*** Opening of Raw data ***
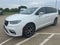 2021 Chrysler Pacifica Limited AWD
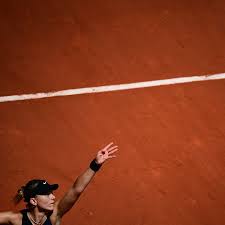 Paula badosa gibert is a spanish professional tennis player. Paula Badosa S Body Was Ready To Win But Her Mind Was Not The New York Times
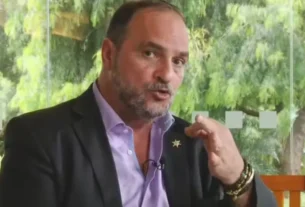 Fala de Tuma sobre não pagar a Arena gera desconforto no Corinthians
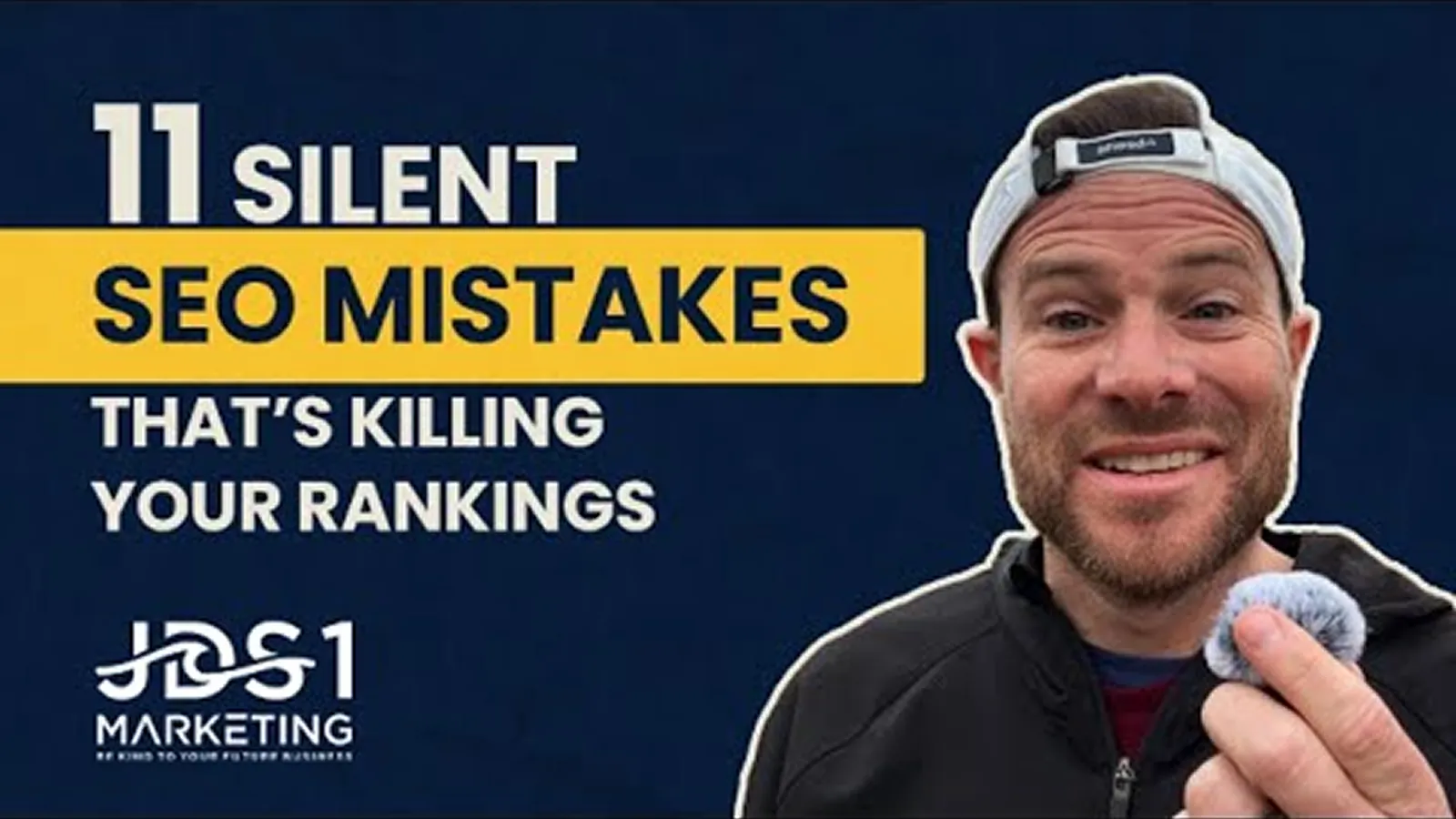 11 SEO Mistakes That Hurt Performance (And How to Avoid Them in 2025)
*** Close of Raw data ***
> **Exercise goal**: Begin at the line with "Paula badosa gibert" and end at the last line of the data above. Reproduce those lines exactly, but not the pictures.

> **Task solution**:
 Paula badosa gibert is a spanish professional tennis player. Paula Badosa S Body Was Ready To Win But Her Mind Was Not The New York Times
 Fala de Tuma sobre não pagar a Arena gera desconforto no Corinthians
 11 SEO Mistakes That Hurt Performance (And How to Avoid Them in 2025)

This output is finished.